07. Menikah

127 15 0
                                    

"Kalau kita menikah, bagaimana hubungan Ragas dengan saya?" Kashi tidak menyangka bahwa pertanyaan yang ia lontarkan membuat senyum usil Dante luntur seketika, berganti ekspresi licik nan picik.

Awalnya sih, ia ingin bertanya apa susu yang seharusnya disuapkan pada Ragas kecil diganti karbol sehingga mulutnya sepedas dan sekeji bapaknya, tapi itu urung ia tanyakan.

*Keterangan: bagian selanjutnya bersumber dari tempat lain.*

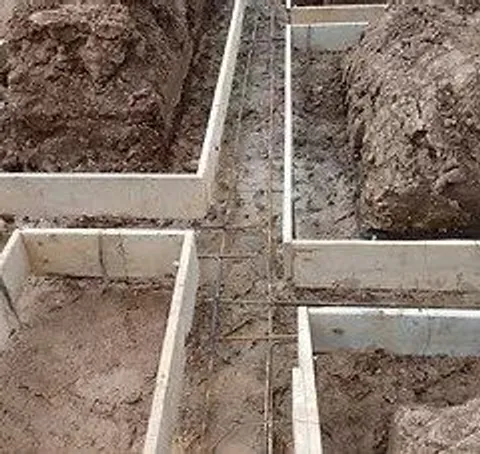 Wood footing forms with rebar set in excavated trenches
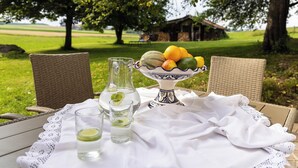 Une table dressée à l’extérieur, avec une carafe, des verres et un saladier rempli de fruits.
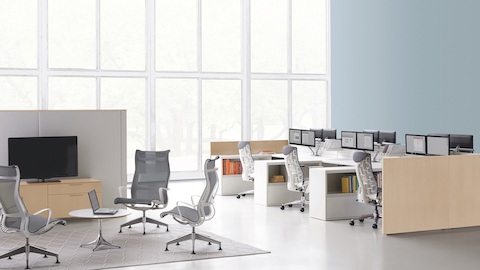 Un salón con Sillones Setu cerca de una serie de espacios de trabajo Ethospace con sillas de escritorio ergonómicas Embody grises.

"Kenapa?" Lalu, Dante terkekeh dengan kekehan serak. "Kamu masih berharap kamu bisa mencium putraku ketika kita sudah menikah?"

Mata Kashi membelalak seketika. "Pak! Saya bertanya dengan intensi mengkhawatirkan keluarganya Pak Dante. Saya khawatir status ibu tiri itu justru memicu keretakan keluarga kecilnya Pak Dante! Saya--" Gue benci elo Dante Sialan. "Saya udah nggak ada hubungan apa-apa sama Ragas!"

"Sudah retak, ngapain dikhawatirkan?" Jawaban paling mindblowing didapati Kashi dari Dante. "Intinya, aku malas mencari kandidat yang baru. Lagipula, Ragas tidak akan kulepaskan untuk perempuan sepertimu."

Perempuan sepertimu itu definisi perempuan yang seperti APA?!

Napas Kashi kontan memburu, seakan ingin memandikan Dante dengan aspal panas. "Pak," suaranya kala itu tersuara dengan nada rendah. "Minimal, jangan letakkan wanita sejajar dengan kaki bapak. Pak Dante lahir dari rahim seorang wanita juga."

"Salah, Kashi." Dante mengulas senyum tipis ketika mengatakannya. "Aku meletakkan KAMU sejajar dengan kakiku, bukan wanita lain apalagi ibuku. Puas dengan statemenku?"

Kalau Kashi tak ingat pentingnya tampak kuat di depan orang berego dewa seperti Dante, ia pasti akan menangis. Mulai sekarang, ia takkan menunduk pada Dante meski ia setuju untuk dijual.

"Mari perjelas kontraknya." Suara Kashi kian serak, tapi tersuara penuh dendam.

Dante menaikkan sebelah alisnya. "Kupikir, kamu akan menangis dan meraung seperti orang gila karena ucapanku."

"Mari perjelas kontraknya." Tatapan Kashi kala itu bahkan mampu menyaingi tajamnya tatapan Dante. "Biarkan aku tetap kuliah dan hidup dengan cara yang kumau."

Dante tertawa seakan ucapan Kashi terdengar konyol. "Padahal, aku datang untuk menanyakan kenapa kamu membuat sekretarisku trauma mengangkat teleponmu."

"Karena Anda." Kashi masih mempertahankan tatapan tajamnya.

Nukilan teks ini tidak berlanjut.